“Nie ma przyzwolenia na tuszowanie, ale rewolucji nie będzie” Abp Charles Scicluna oglądał “Tylko nie mów nikomu” –


Abp Charles Scicluna, brał udział w obradach polskiego Episkopatu. Podczas konferencji stwierdził jasno, że nie przyjechał tu po to, by rozmawiać o ew. dymisji jego członków. Przyznał jednak, że ws. pedofilii najlepszy byłby audyt zewnętrzny. Cytujemy za Wiadomości.wp.pl

Abp Charles Scicluna na konferencji potwierdził, że został zaproszony do Polski rok temu. Podkreślił, że cieszy się z przyjazdu do Polski po wprowadzeniu m.in. nowych wytycznych zawartych w liście Motu proprio, dotyczących walki z nadużyciami wobec dzieci w Kościele katolickim.

Arcybiskup Charles Scicluna jest w Polsce

– Z tego dokumentu wynika obowiązek ustanowienia przez biskupów w każdej diecezji łatwego dostępu do zgłaszania się przez ofiary – powiedział.

Abp Scicluna zaznaczył jednak że “to nie jest wystarczające, mieć dokumenty”. – Ale na poziomie diecezji i parafii ludzie muszą wiedzieć, do kogo mogą zwracać się ze swoimi wątpliwościami – powiedział.

I dodał, że w Kościele “nie ma przyzwolenia na tuszowanie” przypadków pedofilii.

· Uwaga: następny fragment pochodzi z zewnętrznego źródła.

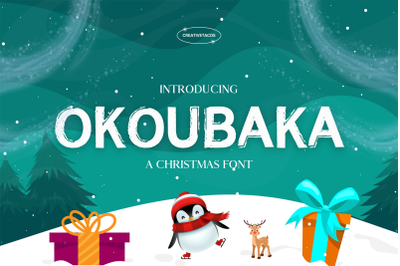 Okoubaka Christmas Font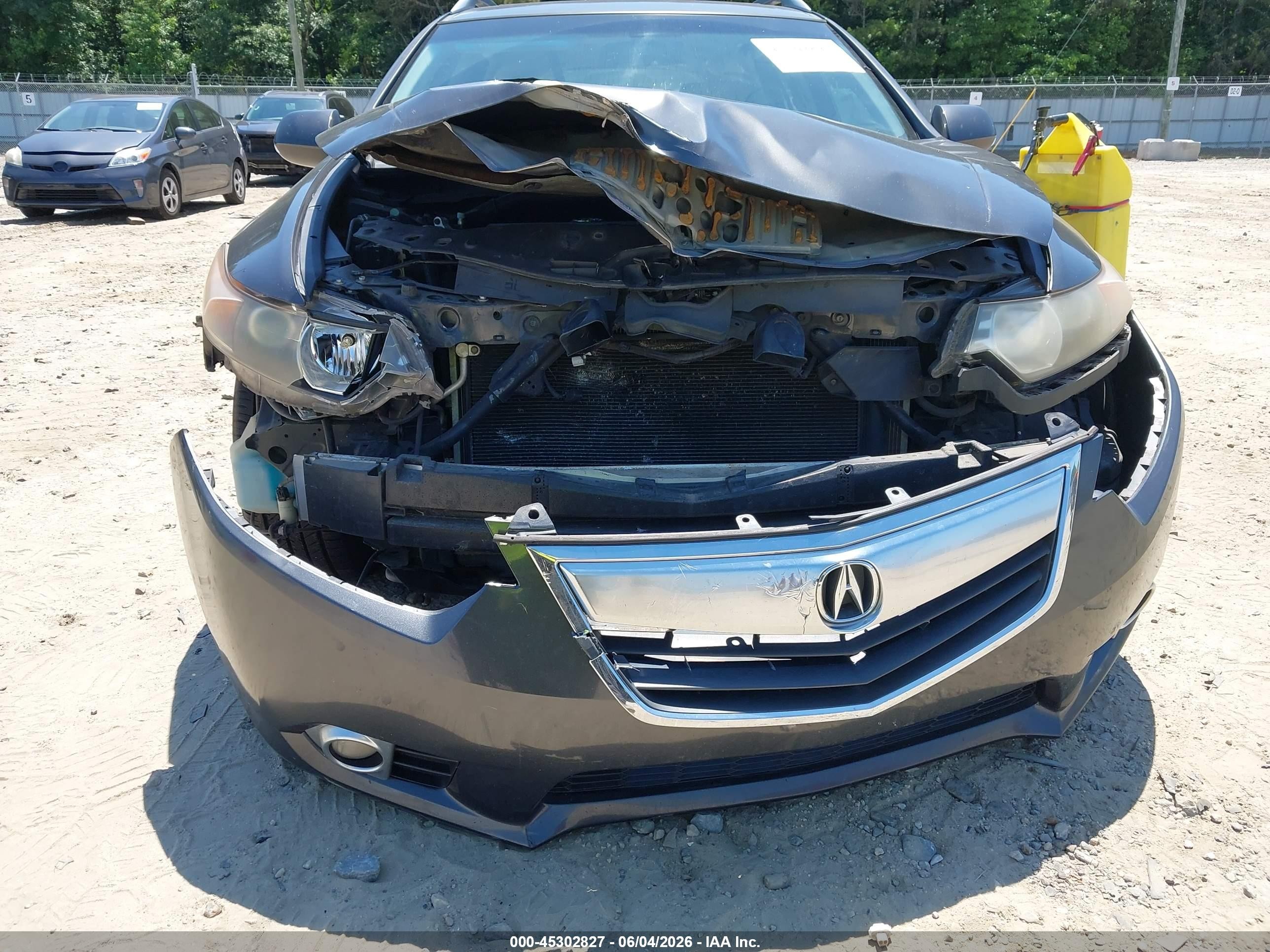 2012 Acura Tsx 2.4 Gray vin: JH4CW2H56CC004403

Abp Scicluna doprecyzował jednak, że nie przyjechał do Polski ze specjalną “misją” rozwiązywania tego problemu w Polsce.

Abp Charles Scicluna w Polsce. Chce przejrzystości w postępowaniach biskupów

– Nie jestem tu po to – odpowiedział na pytanie o to, czy jest możliwe, by w Polsce – tak jak w Chile – Episkopat podał się do dymisji.

Abp Scicluna na obradach Episkopatu. “To nie interwencja po filmie Sekielskich”

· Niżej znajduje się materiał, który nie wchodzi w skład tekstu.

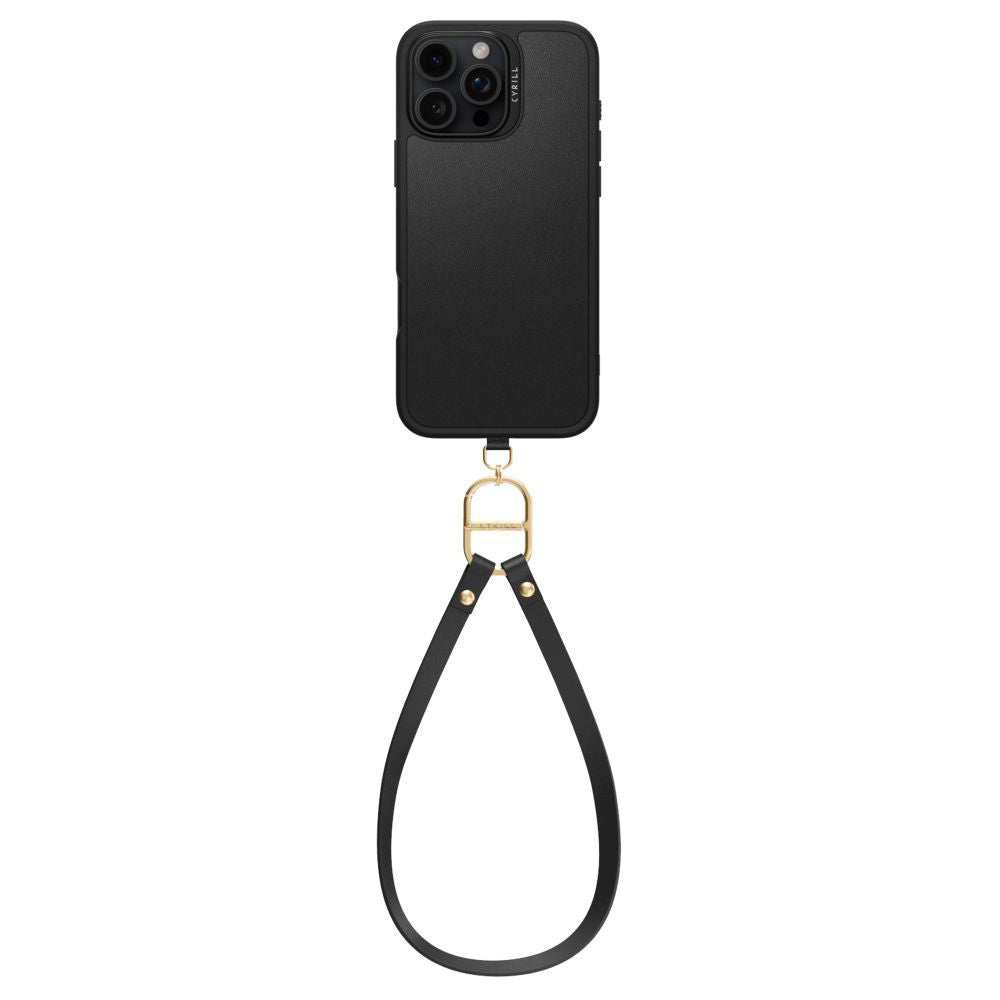 MagSafe Case for Apple iPhone 16 Pro Max, Spigen, Cyrill Kajuk Classic Charm, Black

– Odbyliśmy tu z biskupami bardzo dobrą rozmowę rano (…) dalej moja misja będzie polegała na tym, że spotkam się z delegatami – powiedział.

Abp Scicluna stwierdził, że wprowadzane przez papieża dokumenty prowadzą do tego, by uzyskać maksymalną przejrzystość w działaniach. – Musimy dokoptowywać ekspertów zewnętrznych, bo tylko to da gwarancję bezstronności i odpowiedniego dystansu – stwierdził.

Abp Charles Scicluna w Polsce. Mówił o księżach, którzy są ojcami

I przyznał, że “najlepszy byłby audyt zewnętrzny”. Zapewnił też, że widział dokument Tomasza Sekielskiego i “ceni go bardzo wysoko”. – Byłem bardzo smutny, gdy zobaczyłem ten film. To dlatego skierowałem mocne przesłanie do moich braci biskupów – stwierdził.

Papieski “tropiciel pedofilów” jest w Polsce. Rewolucji w Kościele jednak nie będzie

Abp Scicluna miał im powiedzieć, że należy zrobić wszystko, by realizować papieskie wytyczne. – Ofiary muszą być wysłuchane, należy się nad nimi pochylić – kontynuował. – Nie ma miejsca w kapłaństwie i życiu zakonnym dla tych, którzy krzywdzą dzieci – przypomniał słowa Jana Pawła II.

Duchowny został również zapytany o wytyczne ws. księży, którzy mają dzieci.

– Jeśli zdarzy się, że ksiądz zostaje ojcem, jego pierwszy zobowiązaniem naturalnym jest troska o jego dzieci – powiedział abp Scicluna.